The device was recovered from a TSB cash machine on Lancaster Road on Sunday 5 February, say police.
According to Action Fraud, a skimmer is a small device that fits over the card slot and is made to look like a normal part of the cash machine.
Skimmers copy information held in the magnetic strip of a card when it is inserted into a machine.
Action Fraud offers the following advice when using a cash machine: "Check a cash machine every time you use one. Always cover the keypad when entering your PIN and don’t make it obvious which buttons you’re pressing.
"Take a look around you. If someone’s standing too close, get your card back without withdrawing any money and walk away.
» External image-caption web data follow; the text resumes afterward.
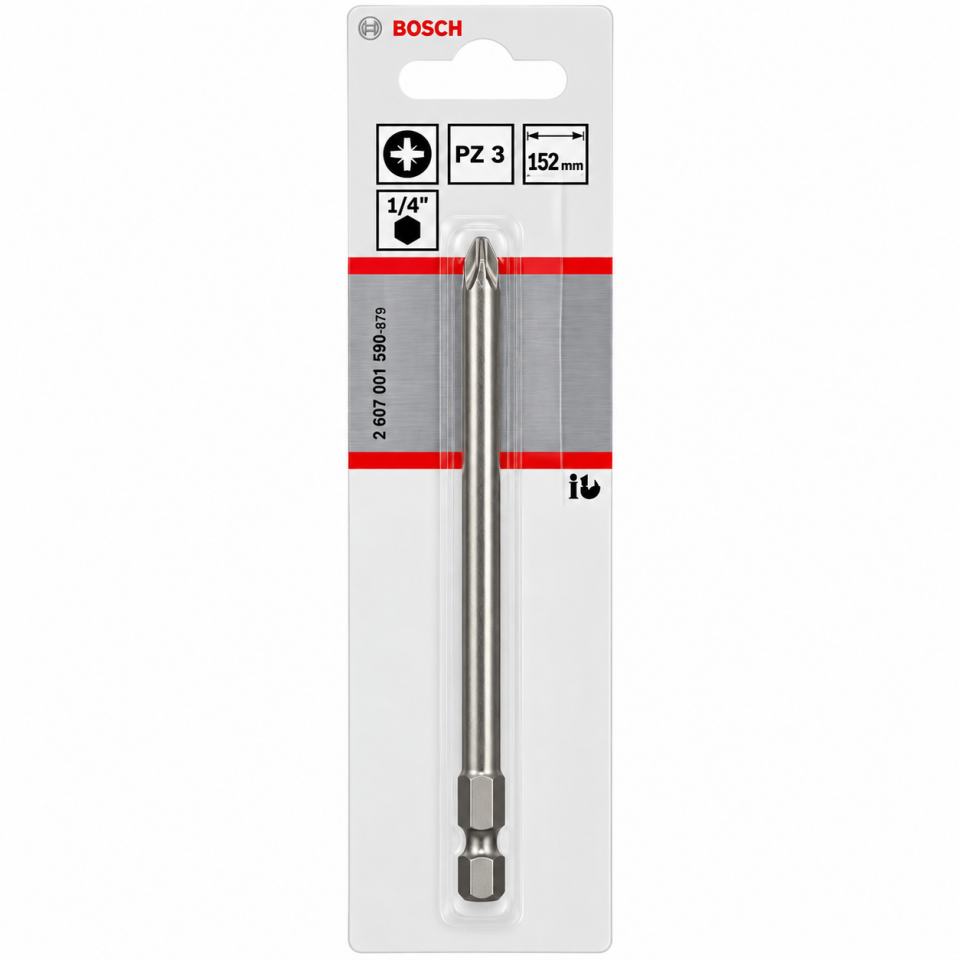 BOSCH BITS UÇ EXTRAHARD PZ3 152 MM 2607001590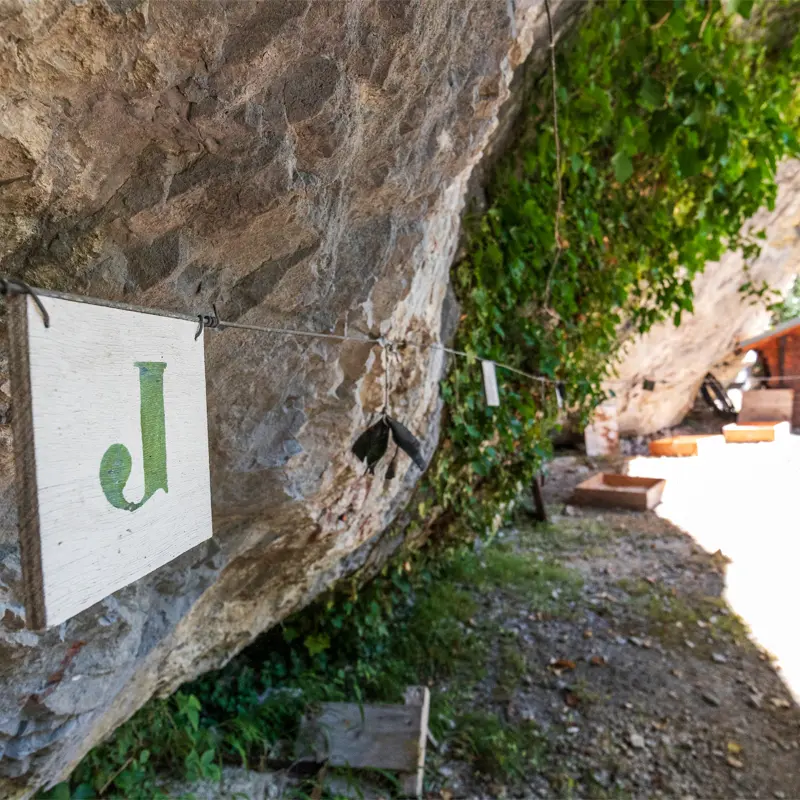 Atelier enfant - Abri sous roche - Activité - Thônes
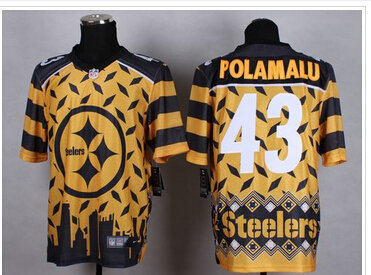 NEW Pittsburgh Steelers #43 Troy Polamalu Gold NFL Elite Noble Fashion Jersey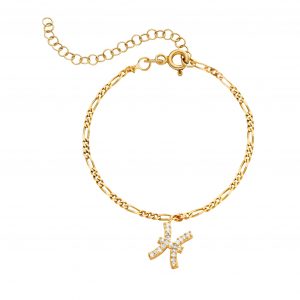 Zodiac Fußkette Gold / Wassermann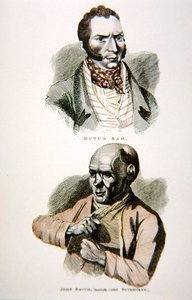 Dutch Sam und John Smith, aus einem Druck veröffentlicht 1812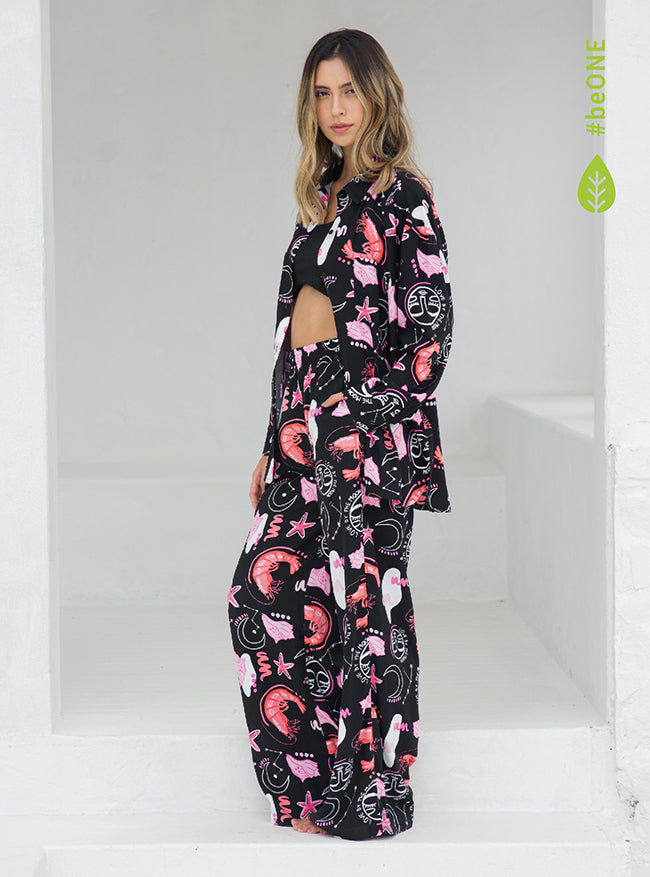 ONCE SHIRT BREEZY MANGA LARGA - MOON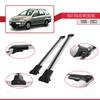 acpar Compatible with Fiat Palio Weekend 1996-2007 Car Roof Rack Cross Bar Fly Model Grey view 3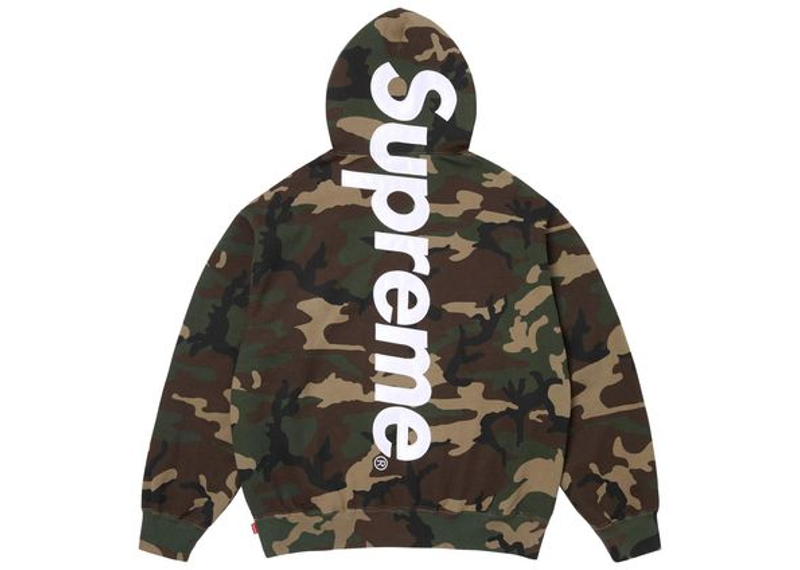Supreme Satin Applique Hooded Sweatshirt Woodland Camo-Supreme-pikastore.cz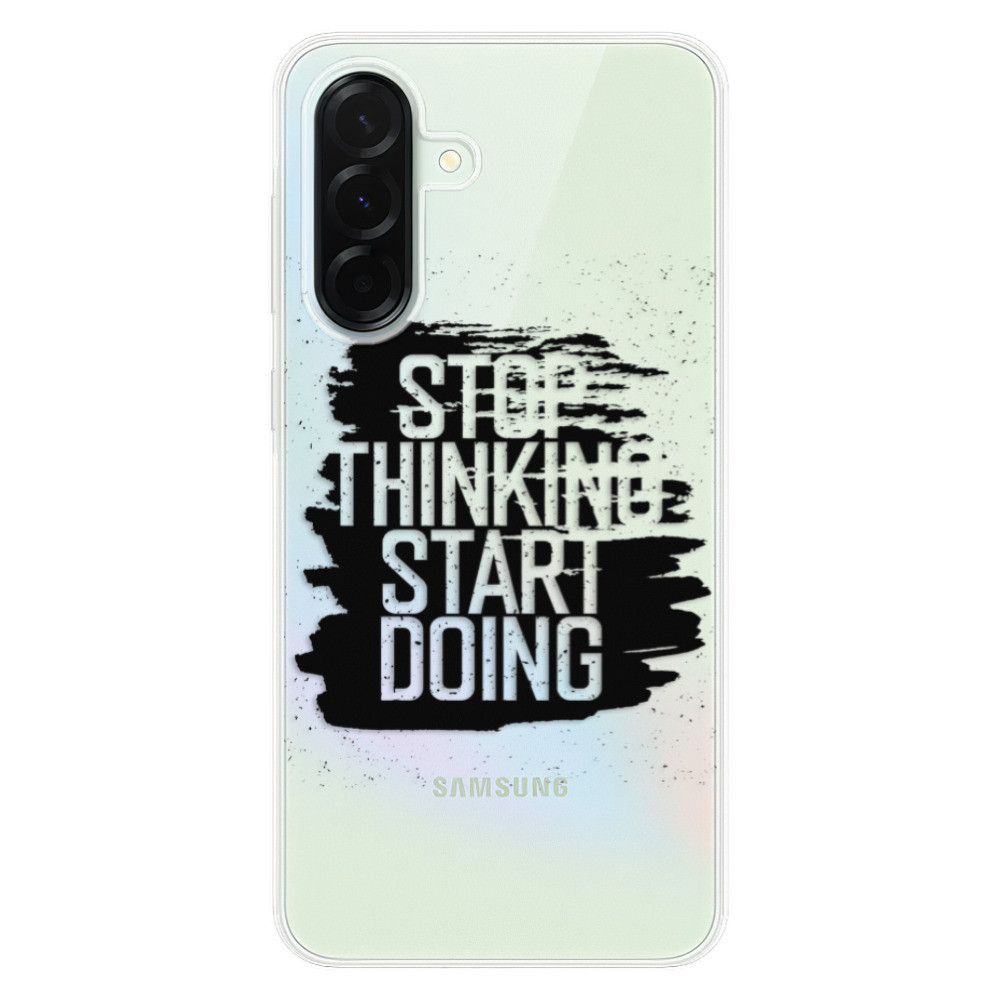 Odolné silikónové puzdro iSaprio - Start Doing - black - Samsung Galaxy A36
"Your safety is the most important thing. Don’t approach anyone you think has been acting suspiciously and if you find loose parts on the machine don’t take them away with you."
Spot the signs - cash machine fraud
- You find a wobbly or bulky part that doesn’t seem to belong with the machine, such as a cover over the card slot or a loose keypad.
- Purchases and withdrawals start appearing on your account that you don’t remember making.
- Some cash machines are built entirely by fraudsters. Be cautious using a ‘standalone’ machine, rather than a ‘hole in the wall’, which is embedded in the front of a building such as a bank.
Anybody who notices suspicious devices around cash machines can report them to police on 101.